Just a week ago, theall contained the word "withdraw." The president's directive to the U.S. military was to find a way out -- sooner rather than later.
"He did not want to be having the same conversation about withdrawal six months from now," one White House official said, according to the Washington Post. Instead of more U.S. involvement, the administration wanted our allies to "put more skin in the game," as press secretary Sarah Huckabee Sanders put it.
Then came more images of Syrian children, and everything changed.
President Trump tweeted about the "animal Assad" and his Russian and Iranian backers, warning of a "big price to pay." The administration has called for a meeting of the U.N. Security Council on Monday. Mr. Trump is scheduled to have dinner with senior military leaders on Monday as well.
"Nothing is off the table," Homeland Security Adviser Tom Bossert told ABC News.
Is this foreign policy by photo-op? A president immediately reacting to what he sees on TV rather than implementing a long-term strategy for the seven-years-long Syrian civil war? And if President Donald "America First" Trump does have a doctrine, what is it?
These questions have been quietly debated on the Right for a year now, since the president launched a missile attack on Syria in the wake of a horrific chemical attack last April. The reaction from the Right to Trump's intervention wasn't just mixed. It was practically schizophrenic.
On the one hand, Republicans who'd complained about President Obama's fecklessness were delighted to see his failed Syrian policy shown up by a Republican president. The success of Trump's missile attack begged the question, "Why didn't Obama do this years ago?"
On the other hand, foreign adventures—particularly in hot, sandy places—were precisely what many GOP primary voters hoped their vote for Donald Trump would avoid. His base is not exactly the "John McCain" wing of the GOP.
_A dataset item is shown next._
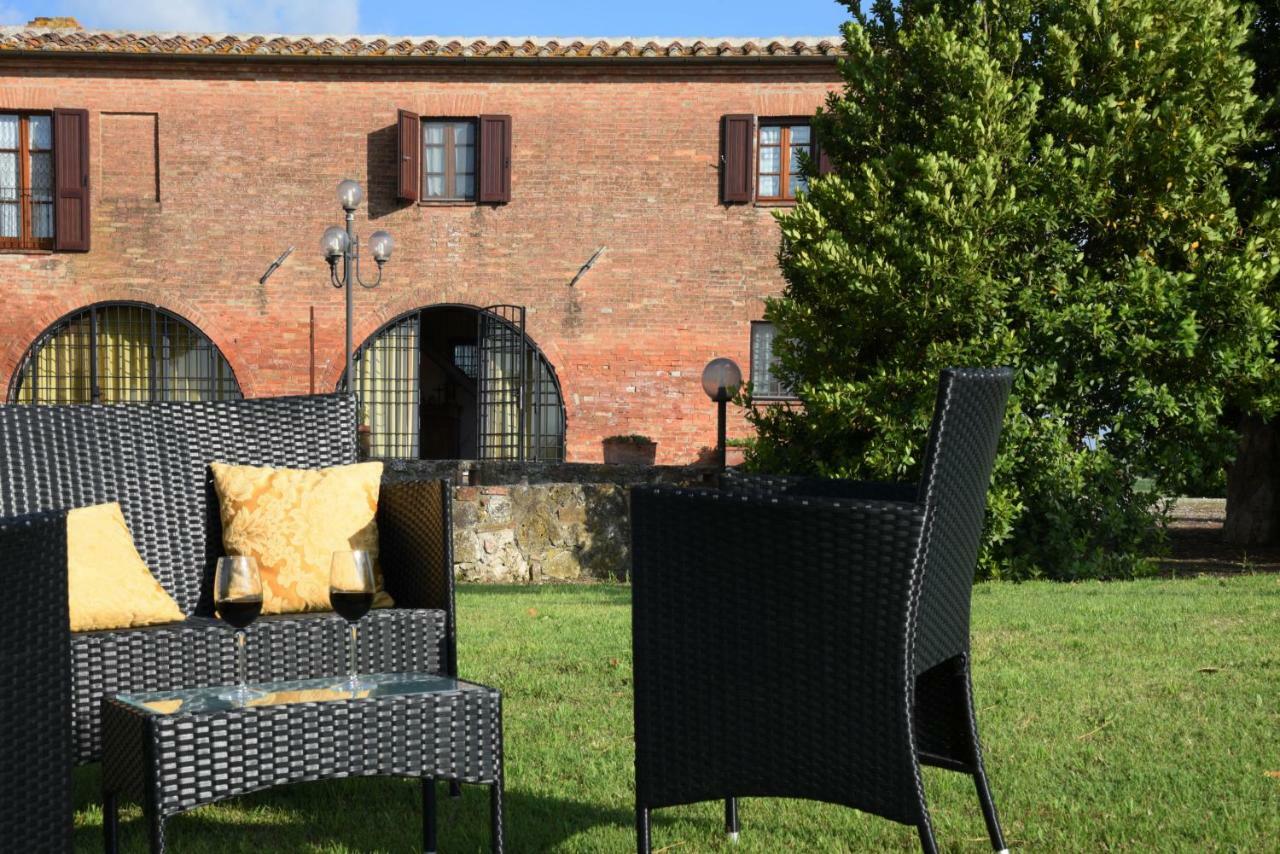 Podere Il Granaio - Crete Senesi - Tuscany Siena Exterior foto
So what is the Trump Doctrine?
"There isn't one" says Reuel Marc Gerecht, senior fellow at the Foundation for the Defense of Democracies. "To have a doctrine implies a certain consistency that, after a year of the Trump presidency, has yet to be in evidence." Gerecht, who believes Mr. Trump's talk of withdrawal and America's lack of response to recent small-scale chemical attacks against civilians "contributed to hubris on the Syria-Iranian side," says that even another massive U.S. missile attack wouldn't mark a change in our policy. He observes, "Trump's real contradiction is the conflict between his anti-Iran, anti-Assad rhetoric versus his willingness to abandon Syria to the Assad-Iran-Russia axis."
That would involve more direct action by the U.S., including actively supporting rebels on the ground in Syria. And that's not an option President Trump would consider.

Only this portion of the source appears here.